Fox News and The Stiletto put together a great peice on how The Discredited New York Times, White House Advisors and liberal supporters all had to back-peddle because of no longer relevant Governor Palin:
On a Facebook post, Governor Palin puts the lie to The New York Times' assertion that "the rumor that government-sponsored 'death panels' to decide which patients were worthy of living seemed to arise from nowhere" (emphasis added by The Stiletto).
Had Times reporters Jim Rutenberg and Jackie Calmes read her commentary -- which was posted the day before their article was published -- they would have known that the death panels are real, and where to read up on the details. Palin makes a solid case that health care "reform," as originally envisioned by Democrats, would lead to rationed care and put a price tag on the value of people's lives based on their economic productivity.
Palin cites and explains the ramifications of Section 1233 ("Advance Care Planning Consultation," pages 424 to 434) of the House's proposed bill, "America's Affordable Health Choices Act of 2009,'' and quotes from "Principles For Allocation Of Scarce Medical Interventions" (The Lancet, January 31, 2009), a paper co-authored by one of President Obama's health care policy advisors, Dr. Ezekiel Emanuel -- whose brother, Rahm, is the president's chief of staff.
[...]
Believe it or not, the rationing scheme Dr. Emanuel advocates in The Lancet is a softening of his views on which lives are worth saving. Though Palin was mocked -- surprise! -- for her "death panel" analysis, it's now Dr. Emanuel who is backpedaling from an article he co-authored 13 years ago, The Washington Times reports:
"When I began working in the health policy area about 20 years ago ... I thought we would definitely have to ration care, that there was a need to make a decision and deny people care," said Dr. Emanuel ... during a phone interview. ...

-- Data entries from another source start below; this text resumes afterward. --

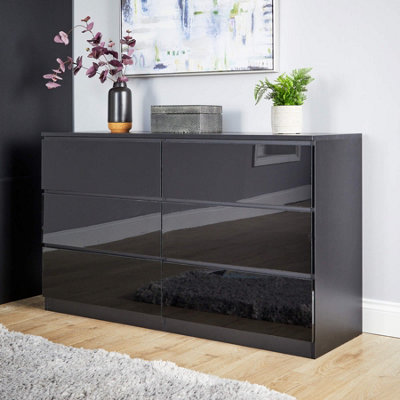 Home Source Lugano 6 Drawer Wide Chest Of Drawers High Gloss Drawer Fronts Black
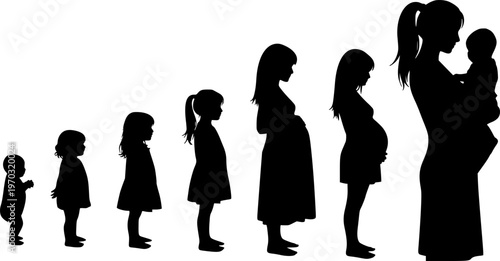 The life cycle of a woman from baby to mother silhouette set collection vector illustration infographic.
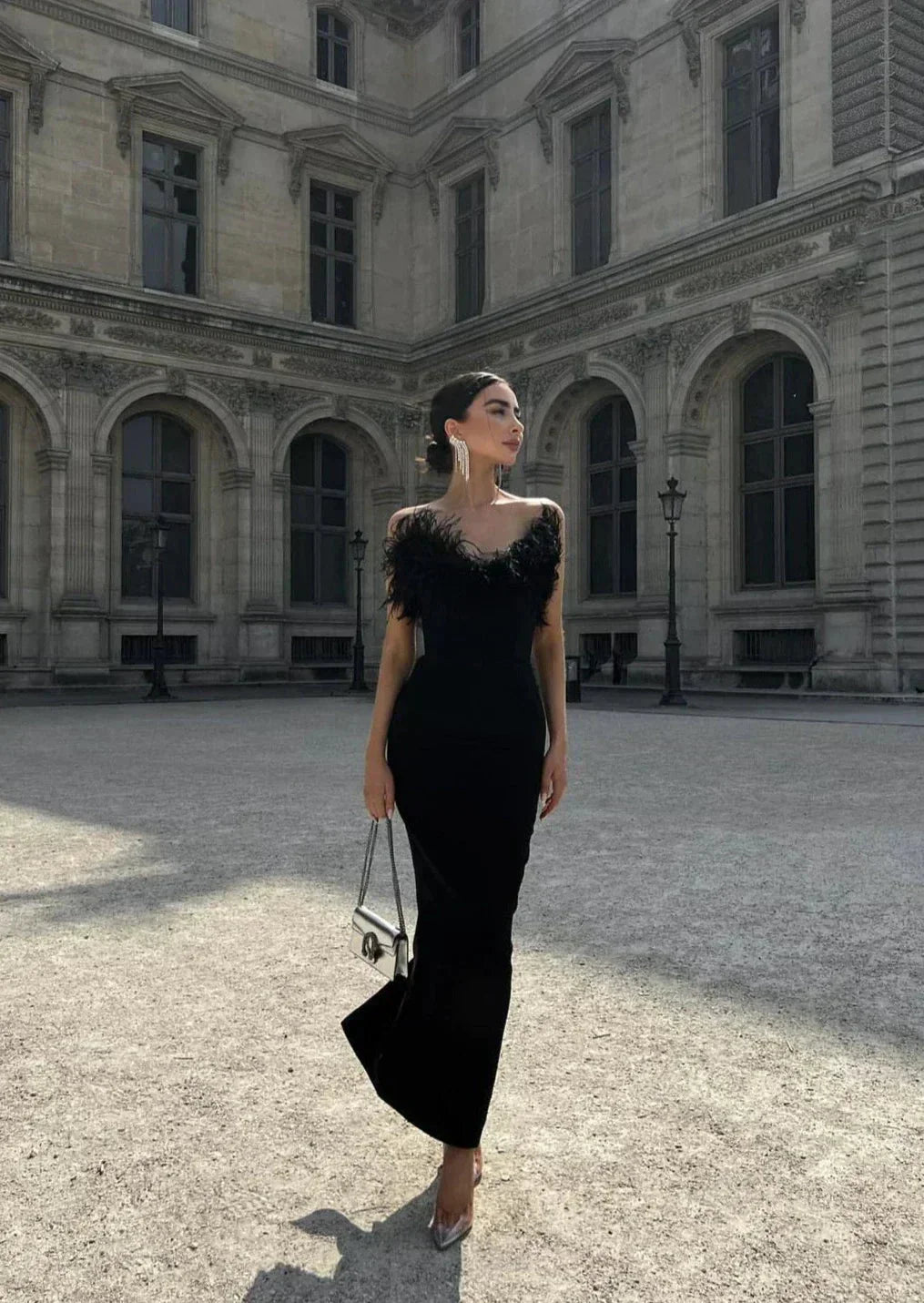 Black strapless dress with feather trim. Elegant and sophisticated design perfect for special occasions.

He wrote [in a short article published in a bioethics journal in 1996] that "services provided to individuals who are irreversibly prevented from being or becoming participating citizens are not basic and should not be guaranteed."
"An obvious example is not guaranteeing health services to patients with dementia," he wrote in the paper published by The Hastings Center, a nonpartisan, non-profit bioethics research institute. ...
The charges of rationing, or concerns about his language in journal articles, Dr. Emanuel said, is somewhat understandable given that he was "writing really for political philosophers, and for the average person it's not what they're used to reading, even if they've had a good liberal education."
Palin can also put another notch on her belt when it comes to influencing health care "reform" -- the Senate will drop language "encouraging" doctors to initiate conversations with patients about hospice and palliative end-of-life care from its bill, The Boston Globe reports:
[...]
Palin was hardly the only one to look at the House bill and realize its implications. In a commentary posted on The Daily Beast, "thinker" Lee Siegel -- who believes "the absence of universal health care is America's burning shame" -- calls rationing end-of-life care "morally revolting."
The Stiletto seems to recall pundits across the political spectrum writing Palin off as irrelevant after she voluntarily stepped down from public office in July. Guess they were -- what is the word? -- wrong.
Full Article At:
http://www.foxnews.com/opinion/2009/08/17/stilletto-palin-health-care-obama/
It does not take a lawyer or a brain scientist to realize that if the "death panels" were not in the bill to begin with, they could not be taken out. I read the bill myself and could not believe that the people that were elected into our government would be so ignorant to believe that all Americans are stupid and would not understand what this bill actually does. There is also a clause saying that we are not able to sue the government. That is not what I think people thought of when they pictured "change".